Place Where You Live:

Lobo Hill, Wyoming

Daybreak

Those who hike Lobo Hill are rewarded when they face west upon arriving at the summit. The valley sprawls out and the Tetons rise abruptly out of the floor, providing a spectacular view from North to South of the Jackson and Kelly region. I, and countless others before me, have used it as a spot to sit, marvel, and take in the mountain range,

This place is more than just the view though.

Well of course it is, that much seems obvious, it’s a space in which one can exist.

But stop for a second.

How often is it that we seek out beautiful places, get the amazing photo, marvel a bit at it, and then leave? Of course this does not make the vistas and views any less spectacular or characterize humans as consistently superficial. But that vista, that view, is not what creates the beauty of a place on a deep level. The view isn’t what makes Lobo Hill special.

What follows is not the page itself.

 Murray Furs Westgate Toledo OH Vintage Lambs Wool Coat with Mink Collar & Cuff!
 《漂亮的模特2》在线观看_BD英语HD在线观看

It’s the mama grizzly and her cubs trekking up Ditch Creek road. It’s the gentrification the community faces as a plane rumbled to life at daybreak. It’s the cow and bull moose, mere specks, moving along the sagebrush flats far below. It’s seeing the lights of Jackson and Kelly at dusk. It’s my companions lying beside me. It’s learning how to dance western swing style. It’s finally seeing all the constellations I could never quite place move across the night sky. It’s the joy of the students who visit our school. And of course it’s seeing the pink illumination of the Tetons as the sun peeks out from behind the Gros Ventres mountains.

I woke up curled up deep in my sleeping bag, listening to the silence around me. This was the first time I slept under an open sky. I savored the gentle but frigid breeze on my cheeks as I peeked out at the stars, mountains, and towns before me. I’d seen this view before, but it was the nuances that reverberated in my bones.